──────── PROVIDED MATERIAL
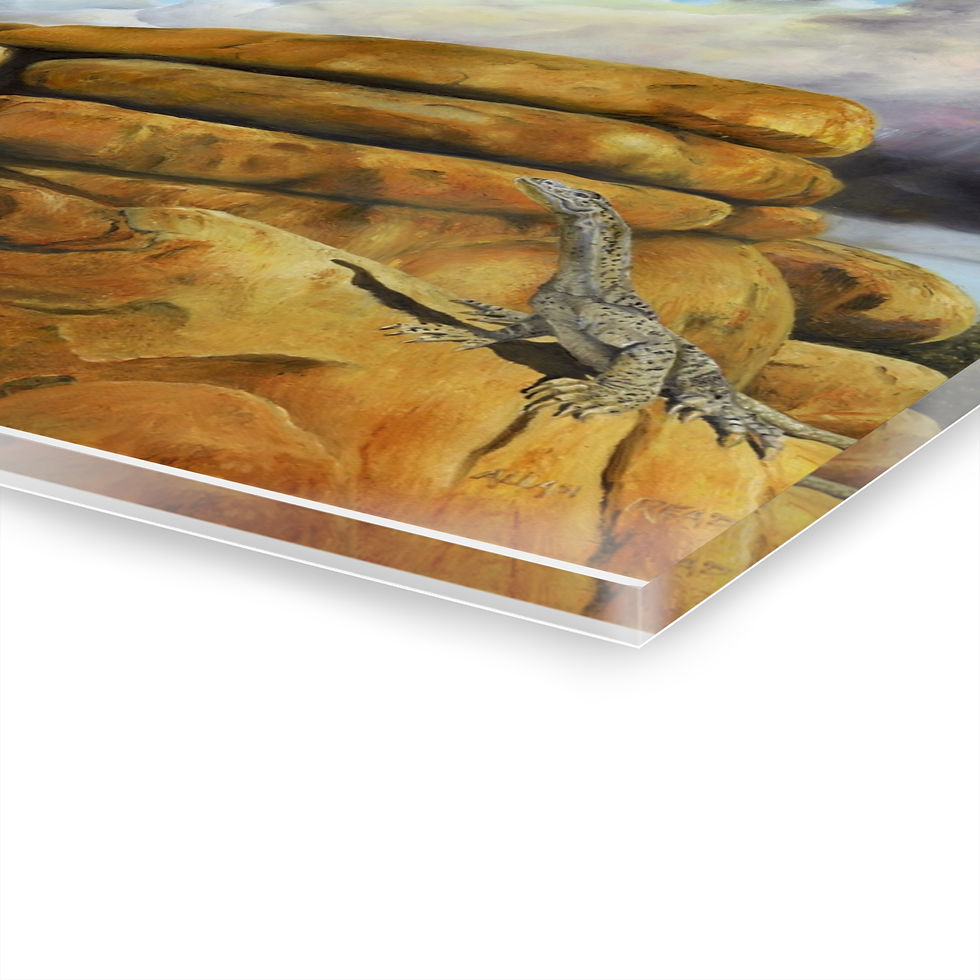 Thumbnail: Pink Galah Landscape Canvas Print 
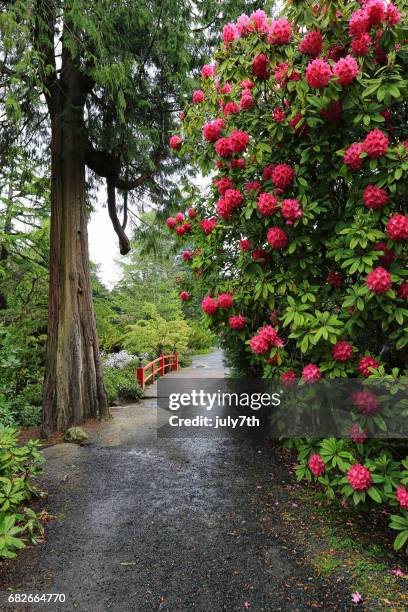 japanese garden in the spring rain - seattle in the spring stock pictures, royalty-free photos & images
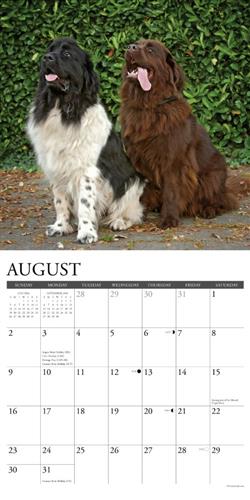 Newfoundlands 2026 Wall Calendar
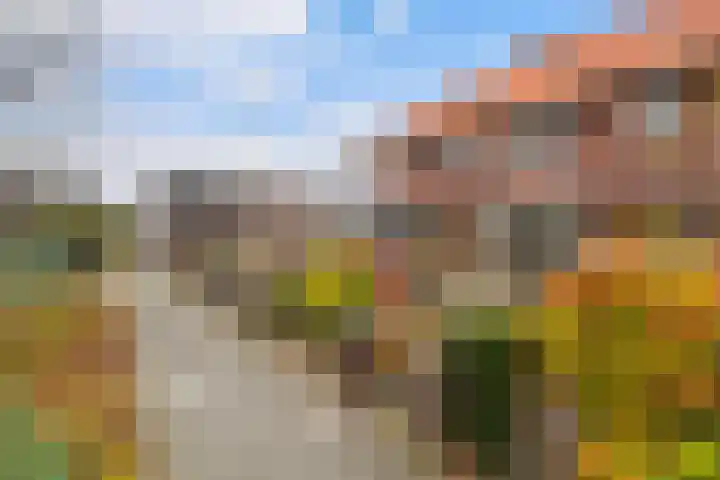 Rijndijk 176 Leiden thumbnail 6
────────────────
PROBLEM REQUIREMENTS:
Pictures stay out; everything else in the listing above gets restated word for word.

TASK RESULT:
 Thumbnail: Pink Galah Landscape Canvas Print 
 japanese garden in the spring rain - seattle in the spring stock pictures, royalty-free photos & images
 Newfoundlands 2026 Wall Calendar
 Rijndijk 176 Leiden thumbnail 6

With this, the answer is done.